TASK INPUTS Block Start

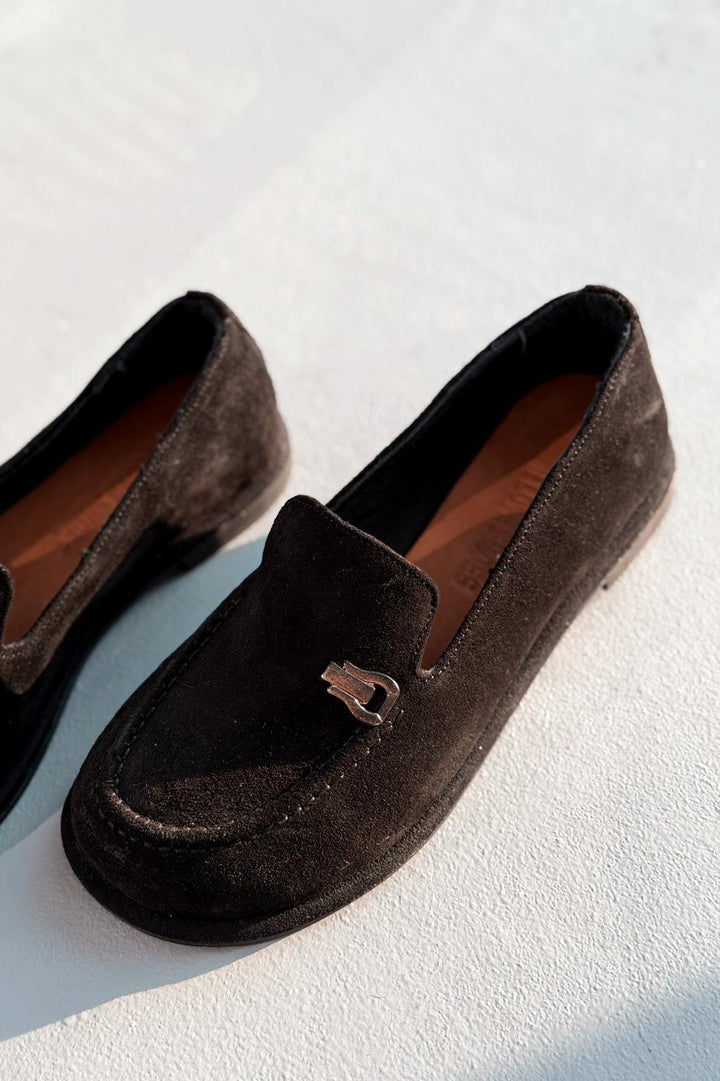 Rasen Hakiki Süet Kadın Loafer Siyah - ILOVESHOES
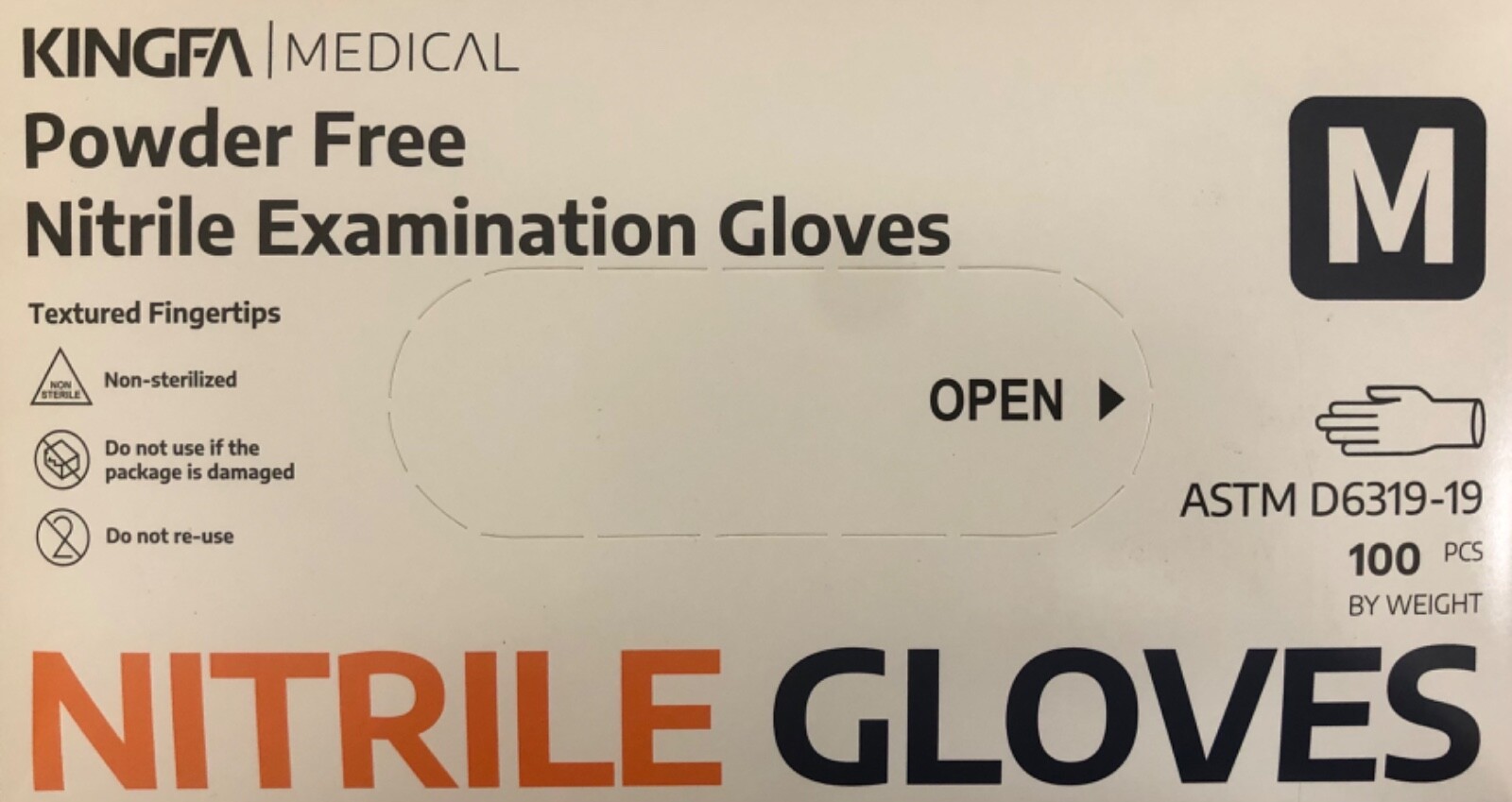 MEDICAL Powder Free NITRILE Examination Gloves, Medium, 1000pcs/Carton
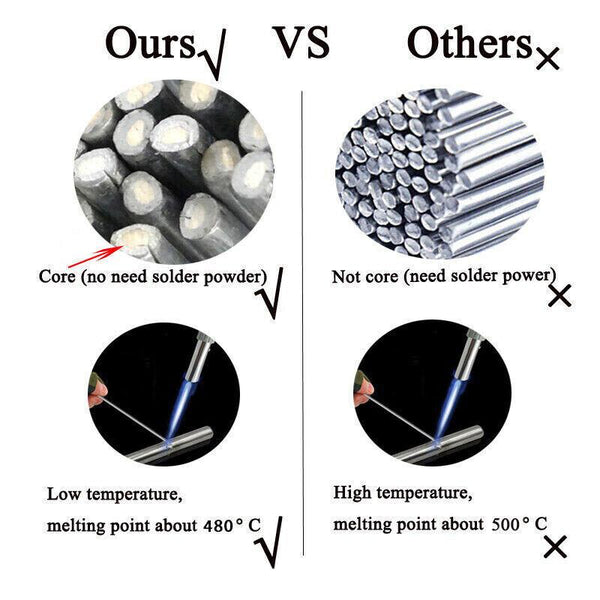 10 50X Aluminium Low Temp Welding Rods Durable Flux Cored Brazing Repair Sticks 2*330Mm 50Pcs Welding & Soldering Tools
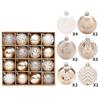 16pcs Champagne Gold White Christmas Balls Shatterproof Christmas Decorations  Home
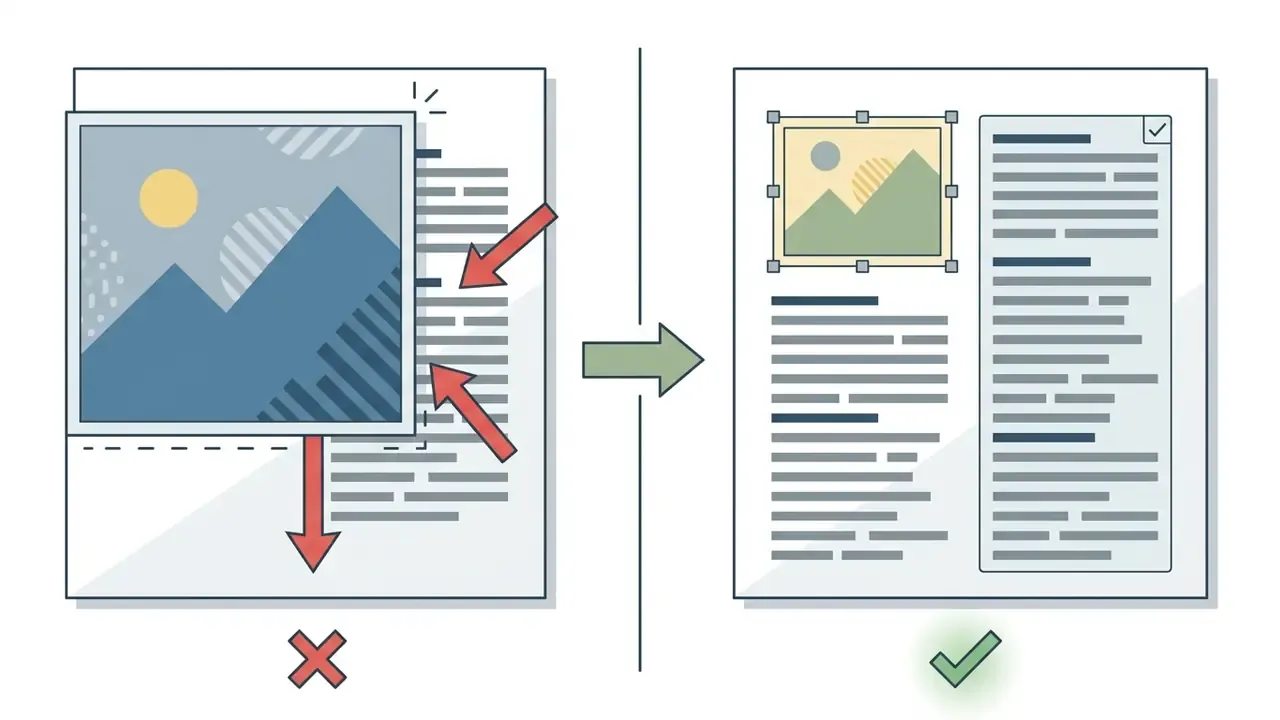 Comparison showing an overlapping image layout corrected by resizing and repositioning text boxes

TASK INPUTS Block End

■ TASK DIRECTIONS ■
Each line from the one containing "10 50X Aluminium" through the last line of the data should be written out exactly. Skip the pictures, and add no other lines.

■ TASK ANSWER ■
 10 50X Aluminium Low Temp Welding Rods Durable Flux Cored Brazing Repair Sticks 2*330Mm 50Pcs Welding & Soldering Tools
 16pcs Champagne Gold White Christmas Balls Shatterproof Christmas Decorations  Home
 Comparison showing an overlapping image layout corrected by resizing and repositioning text boxes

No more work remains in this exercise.